Have you ever imagined what it’s like to live without a sense of smell? Anosmia is the word used in the description of the partial or entire loss of the ability or sense of smell. Anosmia is a loss that may be permanent or temporary.
Common conditions or medical issues that irritate the lining of the nose, such as a cold or an allergies, can lead to a temporary case of anosmia.
More severe conditions that affect the nerves or brain, such as head trauma or brain tumors, can lead to a permanent loss of smell. Sometimes, old age may cause anosmia.
Anosmia is not usually a serious issue, but it can have a significant effect on the quality of life a sufferer lives.
People who have anosmia may be unable to taste drinks or foods fully and may entirely lose interest in drinking or eating. This condition can lead to malnutrition or weight loss. Anosmia can also cause depression due to the fact that it may impair a person’s ability to taste or smell pleasurable foods.
What are the possible causes of anosmia?
Anosmia is a condition that is frequently caused by a blockage or swelling in the nose that prevents smells of all kinds from getting to the roof of the nose. Sometimes Anosmia is caused by an issue with the system that transports signals from a person’s nose to the brain.
Below are the primary causes of anosmia:
Irritation to the nose’s mucus membranes lining.

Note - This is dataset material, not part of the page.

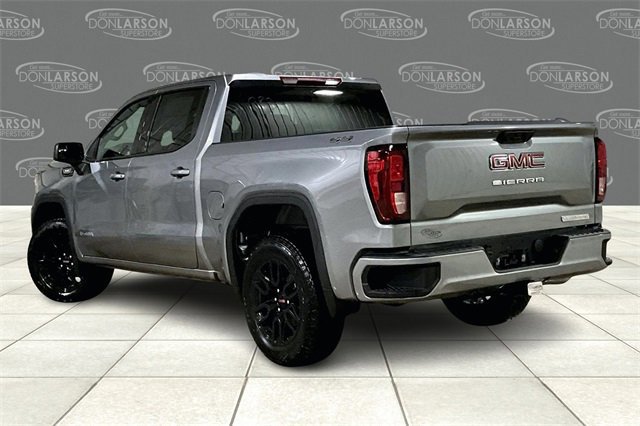 New 2026 GMC Sierra 1500 Elevation w/ Elevation Select Package image 3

This can be as a result of:
- Common colds
- Sinus infections
- Chronic congestion not related to allergies (nonallergic rhinitis)
- The flu, or influenza
- Allergies (allergic rhinitis)
A common cold is the most prevalent cause of temporary and partial loss of smell. In a case such as this, the anosmia will disappear on its own.
Blockage of the nasal passages
Loss of smell can happen if there is something physically blocking the passage of air into a person’s nose.
This may include:
- Nasal polyps
- Bone deformities inside a person’s nose or a nasal septum
Nerve or brain damage
There are a number of receptors inside a person’s nose that are known to send information via nerves to a person’s brain. Anosmia can happen if any part of this pathway has suffered damage.
There are several conditions that can be responsible for this damage, including:
- Brain tumors
- Old age
- Alzheimer’s disease
- Hormonal problems
- Underactive thyroid
- Huntington’s disease
- Medications, as well as individual high blood pressure and antibiotics medications
- Parkinson’s disease
- Multiple sclerosis
- Exposure to harsh chemicals that may have burnt the inside of your nose
- Brain surgery
- Brain or head injury
- Radiation therapy
- Malnutrition and vitamin deficiencies
- Long-term alcoholism
In rare cases, a few persons are born without an active sense of smell as a result of a genetic condition. This condition is known as congenital anosmia.
How is anosmia diagnosed?
It is difficult to measure the loss of smell. Your doctor may have to ask you a couple of questions about your present symptoms, carry out a nose examination, perform a full physical analysis, and also ask about your health history.
You can expect your doctor to ask questions about when the difficulty of smelling started if all types of smells or only some models are affected, and whether or you can taste food or not. Depending on your response, your doctor may also need to perform one or more of the tests below:
- CT scans, which leverage on the use of X-rays to show a detailed image of a person’s brain
- MRI scans, which makes use of magnets and radio waves to view the brain
- An X-ray of the person’s skull
- Nasal endoscopy to take a good look inside your nose
What are the possible complications of anosmia?
People who have anosmia may totally lose interest in all kinds of food and eating, causing them to become malnourished and lose weight.
People who have anosmia should make sure to have a functioning smoke alarm in their houses at all times. It is also essential that they are also cautious with the storage of food and even the use of natural gas because they may have challenges detecting gas leaks and spoiled foods.
Recommended precautions include:
- Properly labeling all foods with their expiration dates
- Carefully read labels on chemicals such as insecticides and kitchen cleaners
How is anosmia treated?
Treatment of anosmia depends on the root cause. If the loss of smell happens with an allergy, a cold, or a sinus infection, it will typically clear up on its own in a few days. You should consult your doctor if the anosmia doesn’t clear up once the cold or allergy symptoms have subsided.
Treatments that may be able to help resolve anosmia that was caused by nasal irritation may include:
- Steroid nasal sprays
- Cessation of smoking
- Antibiotics, for bacterial infections
- Reducing exposure to allergens and nasal irritants
A loss of smell discovered to be caused by nasal obstruction can be resolved by taking out whatever is found to be obstructing the nasal passage. This removal may require the use of a procedure to take out the nasal polyps, maybe straighten the nasal septum, or even clear out the sinuses.
People who are older are more susceptible to conditions like permanently losing their sense of smell. There is presently no known treatment for people who have congenital anosmia.
People who have a partial loss of their ability or sense of smell can include concentrated flavoring agents to the food they eat to improve their enjoyment and food intake.